The US-based Family Business magazine has published a list of the oldest family-owned companies which is based on continuous ownership of the company. The mentioned Japanese hotel Hoshi Onsen is listed first, while second place is held by the papal foundry Pontificia Fonderia Marinelli that has been casting church bells since 1040.
The Japanese also boasted the company Kongo Gumi that fits out Buddhist temples and was founded in 578, but the company was taken over in 2006 by the company Takamatsu.
Hoshi Onsen thus took first place. The hotel has been managed by the family since 718 when, according to legend, it was established by a Buddhist monk in a place shown to him by the god of mountains, Hakusan.
And what did I find when typing in ‘family-owned companies: escaping the crisis’?
The oldest Italian companies do not have such spiritual origins even though Pontificia Fonderia Marinelli manufactures papal bells. It was founded in the town of Agnone in the south of Italy and shares the second to third place with the French winery Chateau de Goulaine. The Marinelli foundry still uses the old bell-making technique today and its products reverberate around the world. Five of the twenty employees are members of the Marinelli family, including the CEO.
The Italian winemaker and olive oil producer Barone Ricasoli is in fourth place, while the fifth is the famous Murano glass maker Barovier & Toso, which was established in 1295. Only two of the other five companies are not Italian, the Pilgrim House hotel in sixth place and the French Moulin Richard de Bas in seventh.
Italians believe that they will recover from the recession more easily thanks to the large number of family-owned companies with long-standing tradition, and they view their economy as real and not virtual as is the case in many other developed countries.
When I delved deep into some of the stories, I saw that the key was that each of these companies with such tradition had highly binding articles of association! When I perused some of the articles of association I had access to, I learned that the key factor in the oldest ones was that the leadership functions and ownership shares were always assumed by lineal descendants and not by the family members who married into the company. This was the basic condition for the company to even be called a family-owned company as everything would have been watered down otherwise.
All therefore had the following conditions:
1. successors were the descendants;
2. they were always educated abroad or in another culture;
3. they always started at the bottom of the company so as to learn the entire process;
4. they had experience of working elsewhere so that they could make comparisons.

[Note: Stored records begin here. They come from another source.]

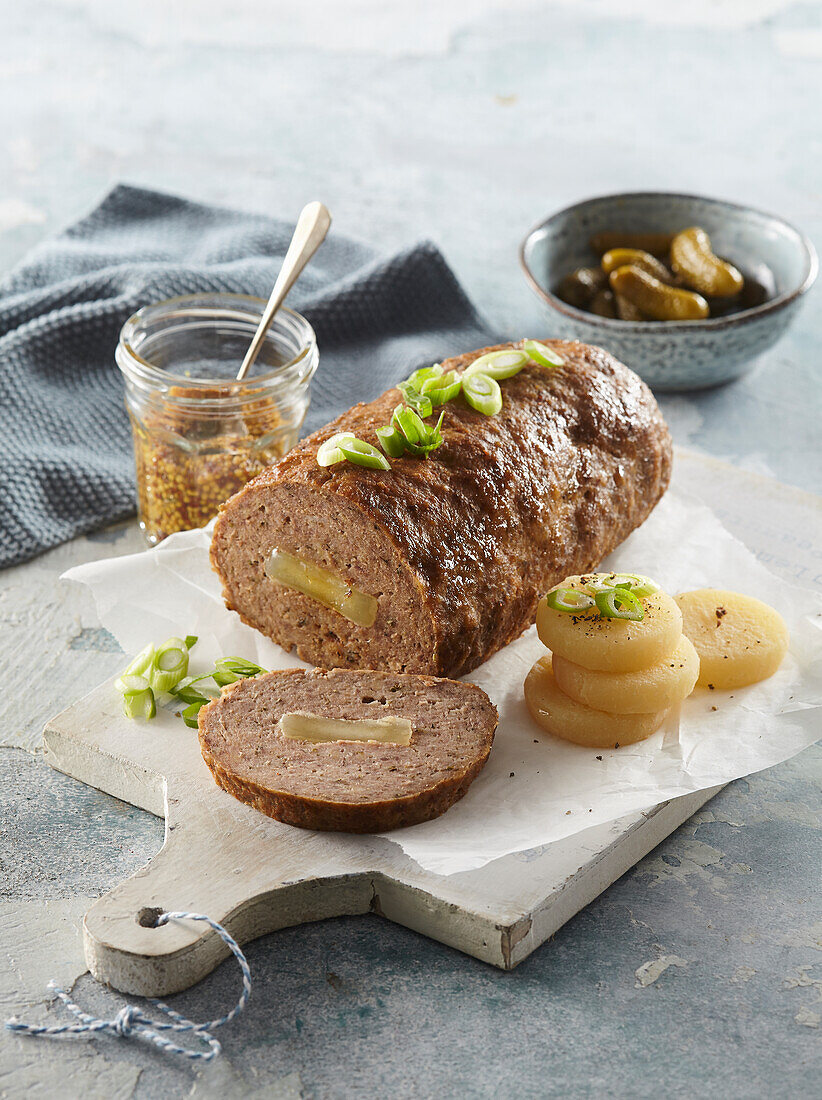 Hackbraten gefüllt mit Harzer Käse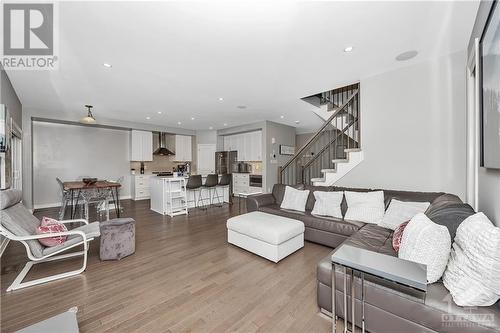 1115 Beckett Crescent, Ottawa, ON - Indoor Photo Showing Living Room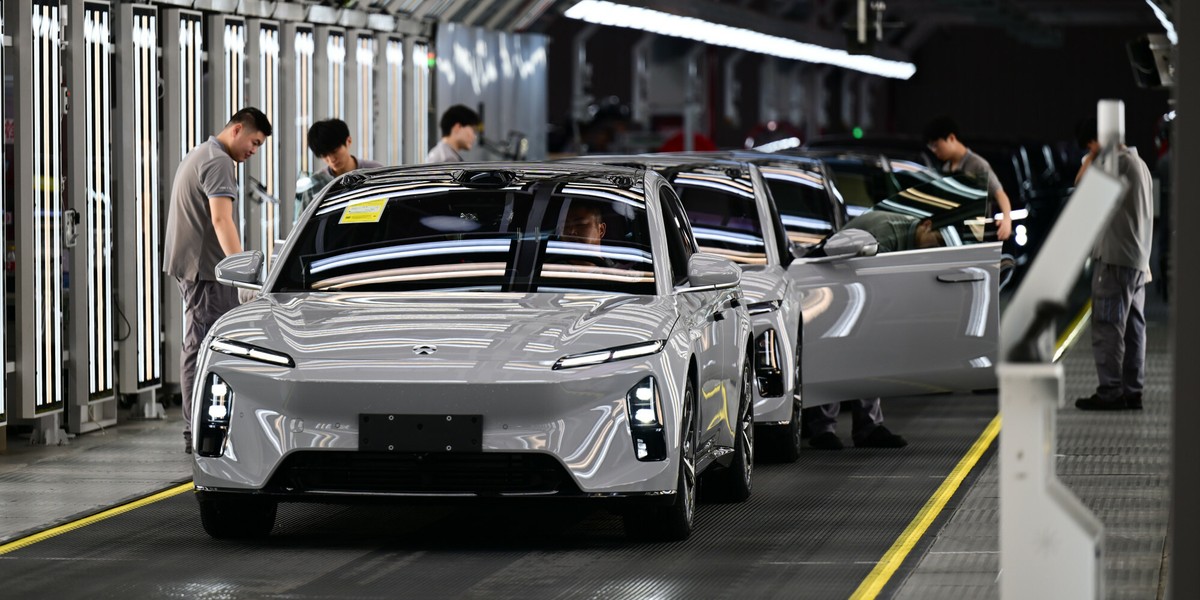 Unia Europejska musi i zamierza bronić się przed chińską ekspansją, jednak przeszkodą może okazać się ten sam problem, który utrudnia ustanowienie unii rynków kapitałowych czy unii bankowej — znaczna różnorodność ideologiczna, polityczna i regulacyjna – relacjonuje "Puls Biznesu". Jedynym efektywnym rozwiązaniem – jak twierdzi dziennik – mogą być zharmonizowane subsydia unijne dla europejskich samochodów elektrycznych. Fabryka chińskich elektryków NIO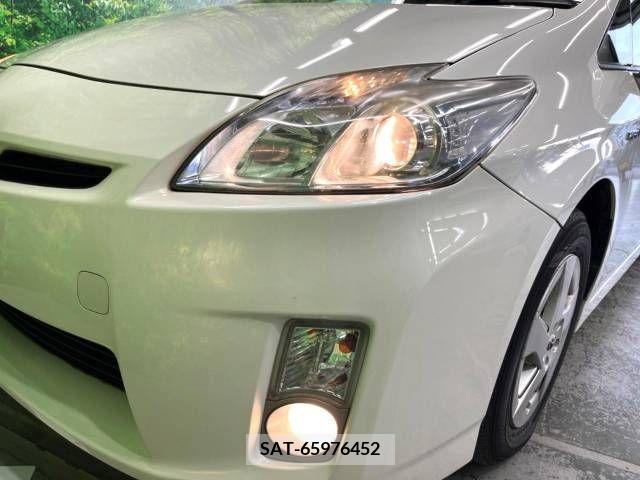 Toyota PRIUS 2010-04 393415-12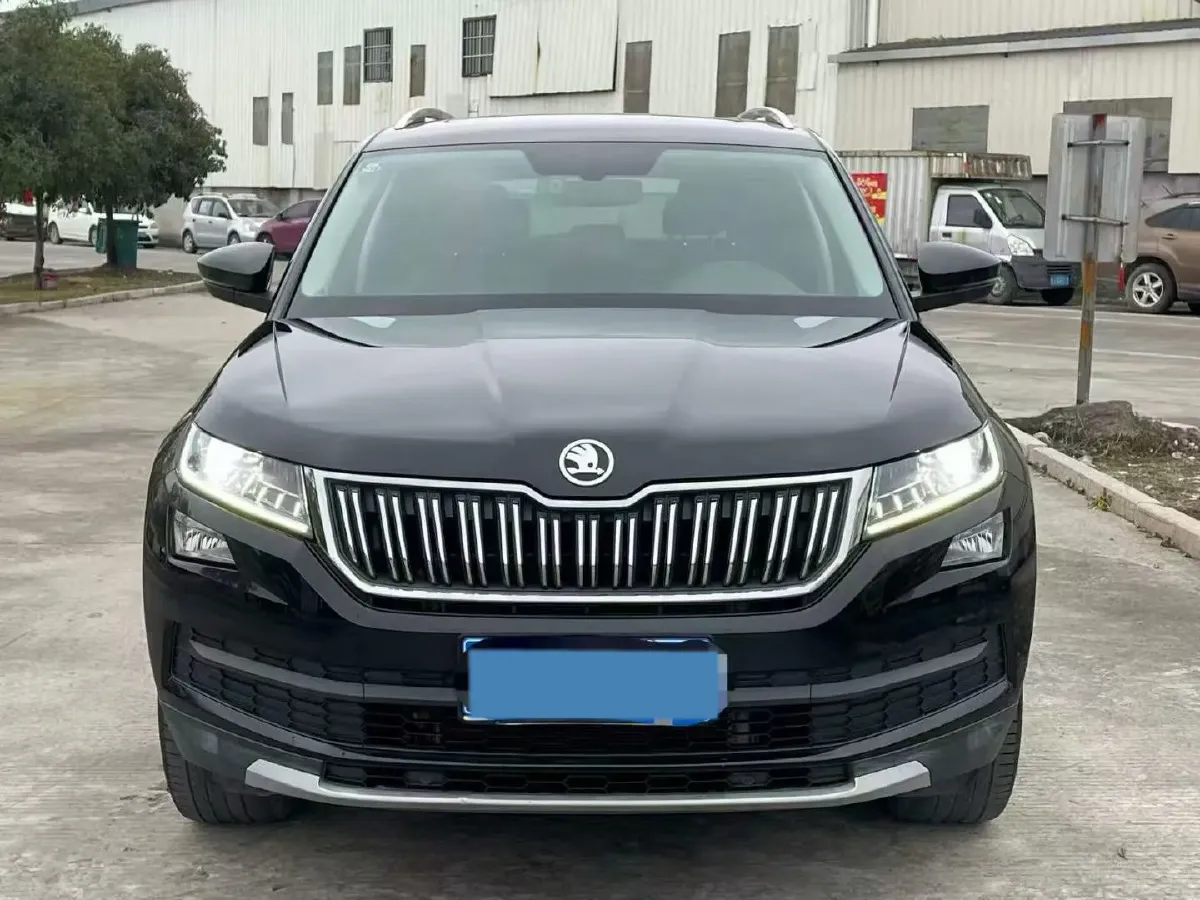 2018 Skoda Kodiak 2.0T 186HP L4 7DCT,autocango,china used car exporter,china ev exporter,chinese used car exporter,chinese used ev exporter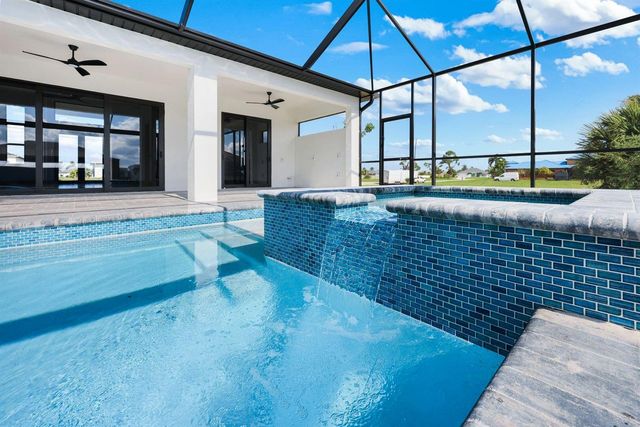1925 NW 34th Place, Cape Coral, FL 33993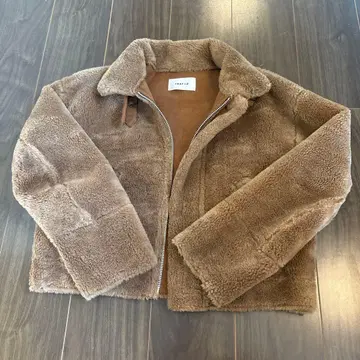 새상품급 FRAY I.D 무스탕 자켓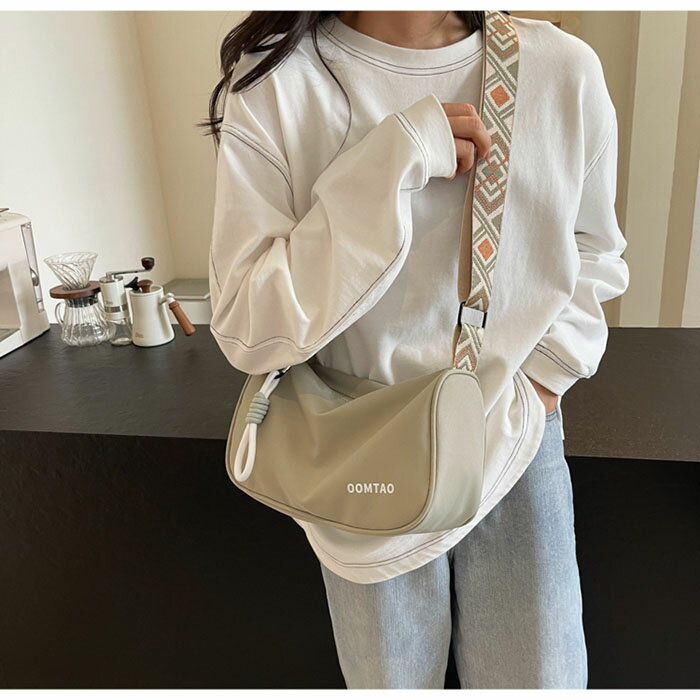 ショルダーバッグ レディース キャンバスバッグ ボディバッグ 帆布 バッグ ファスナー 肩掛け 斜め掛け 量軽 キャンバス 鞄 かばん 小さめ 通勤 通学 お出かけ カジュアル 大人 シンプル ブラック ホワイト 送料無料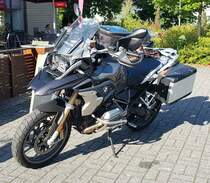 =BMW GS steht abfahrbereit zur geführten Tour vom Konrad-Zuse-Hotel in Hünfeld, 09-2023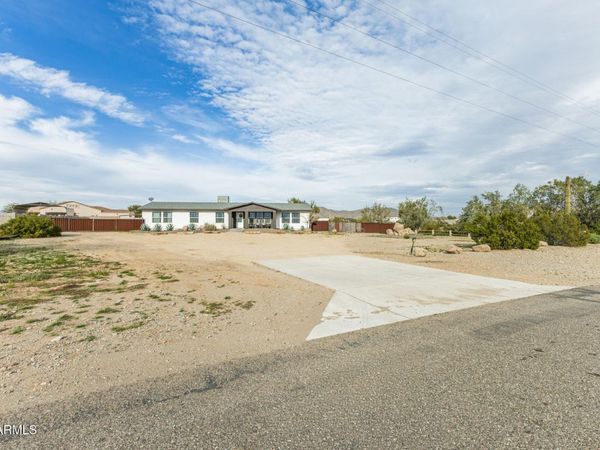 16732 W White Wing Road, Surprise, AZ 85387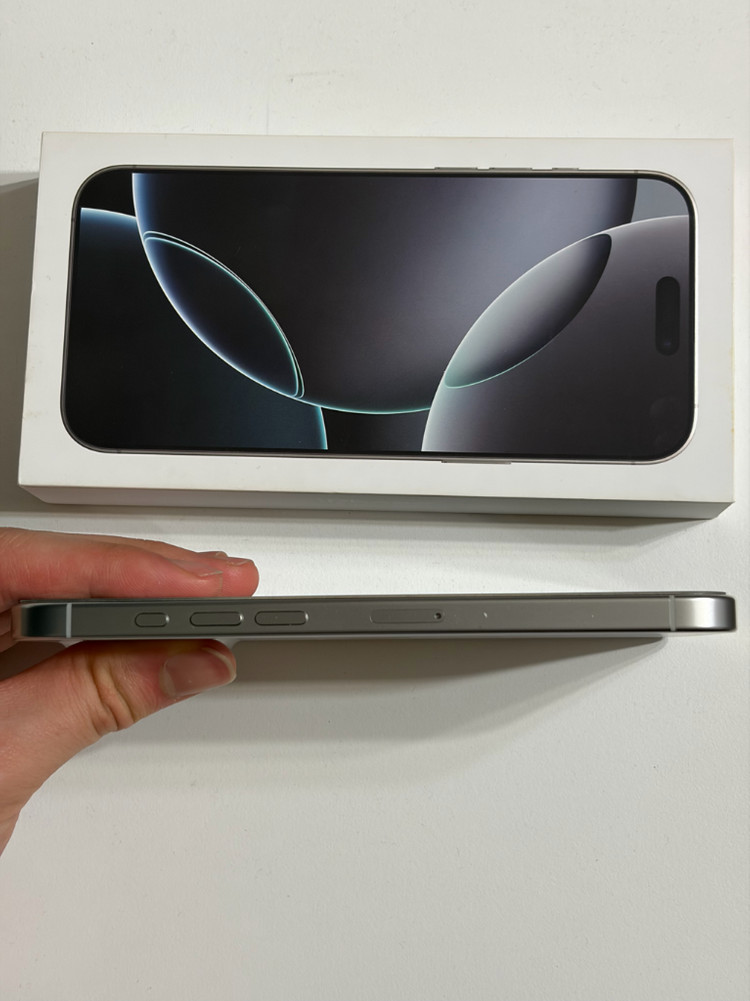 아이폰16프로맥스 256기가 풀박스 판매합니다--3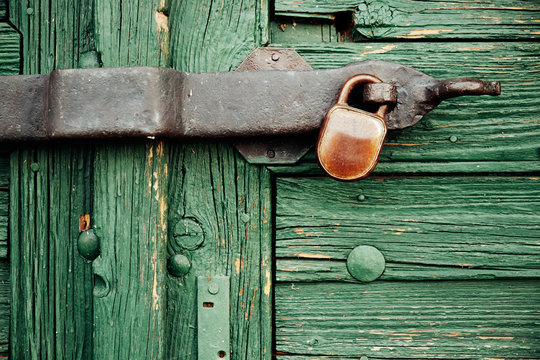 Locked Door Images – Browse 405,252 Stock Photos, Vectors, and Video |  Adobe Stock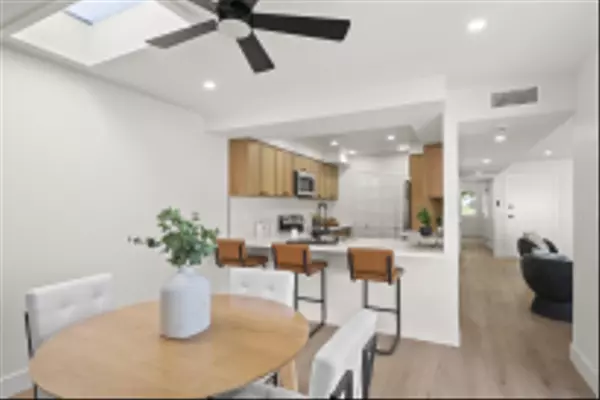 5377 Balboa Ave, San Diego, CA 92117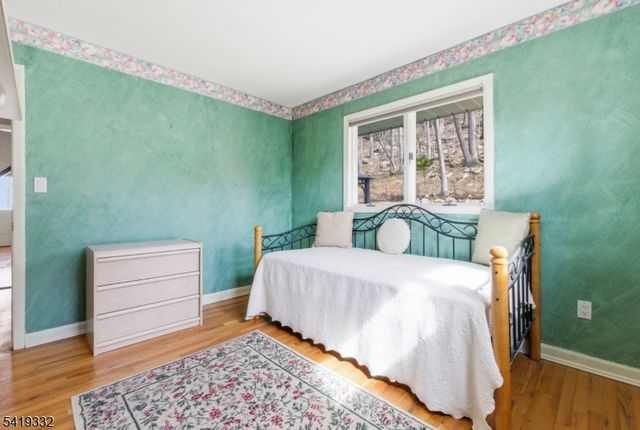 116 Rafkind Rd, Bloomingdale Boro, NJ 07403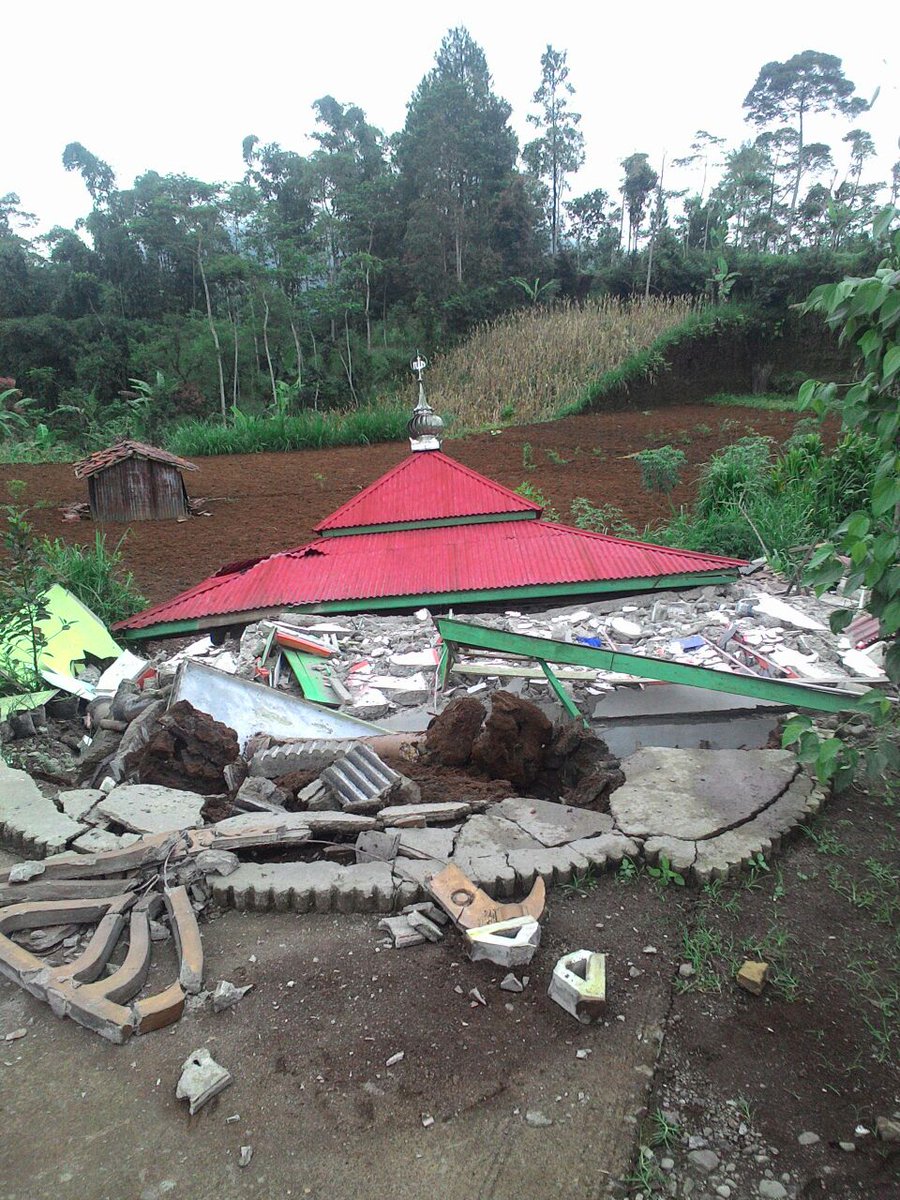 Ratusan Rumah Hancur Akibat Gempa Banjarnegara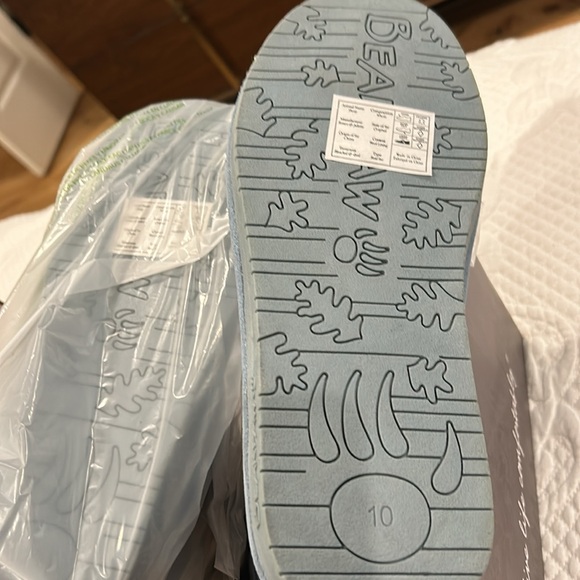 NWT Beautiful Blue Bearpaw Boot - Picture 6 of 7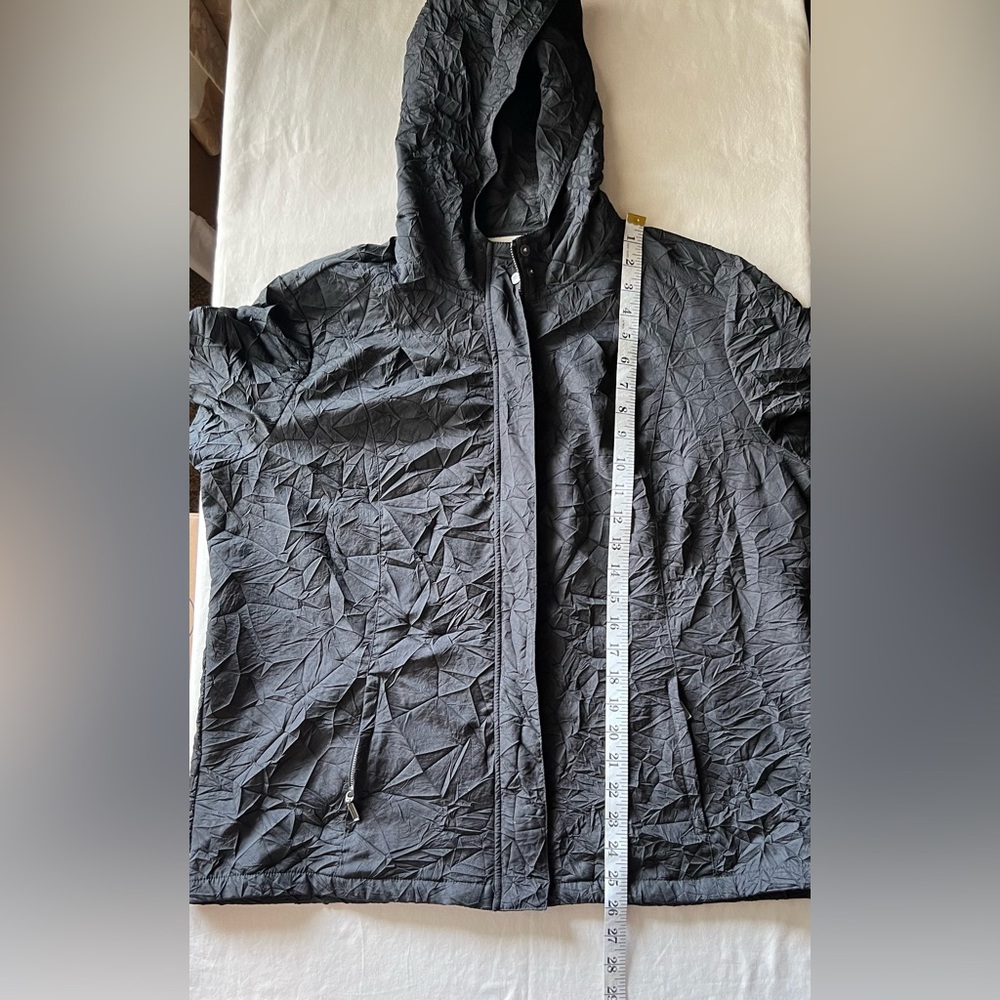Women's ZENERGY by Chico's Black Full Zip Nylon Jacket Size 3 - Picture 7 of 7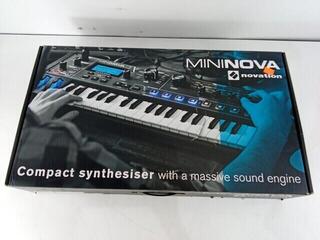 Syntetisaattori Novation Mininova Syntetisaattori (Uudenveroinen) - 1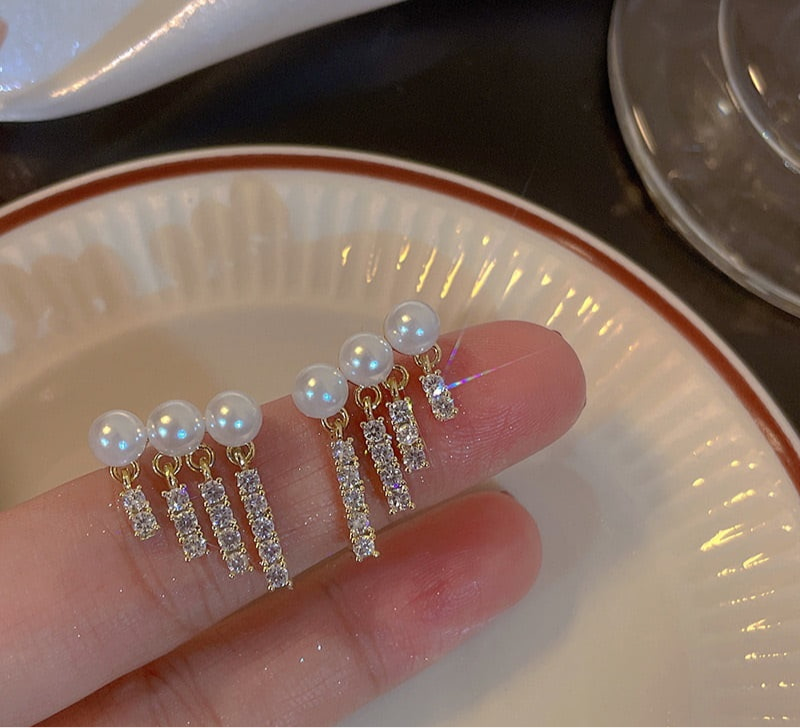 Golden-plated Chandlier Drop Earrings close-up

I also started to develop my family-owned company legally and formally; even though my wife and I did not have any children, we believed we would have them someday so that they could continue according to predetermined rules without going through all of our problems. Well, as it turned out, we did not have children and we also broke up because we believed we had made too many mistakes. But we did lay the foundations for a family-owned company.
I started saving all of this personal and research experience in a database that became the foundation for first-rate advice and sound information for all new clients.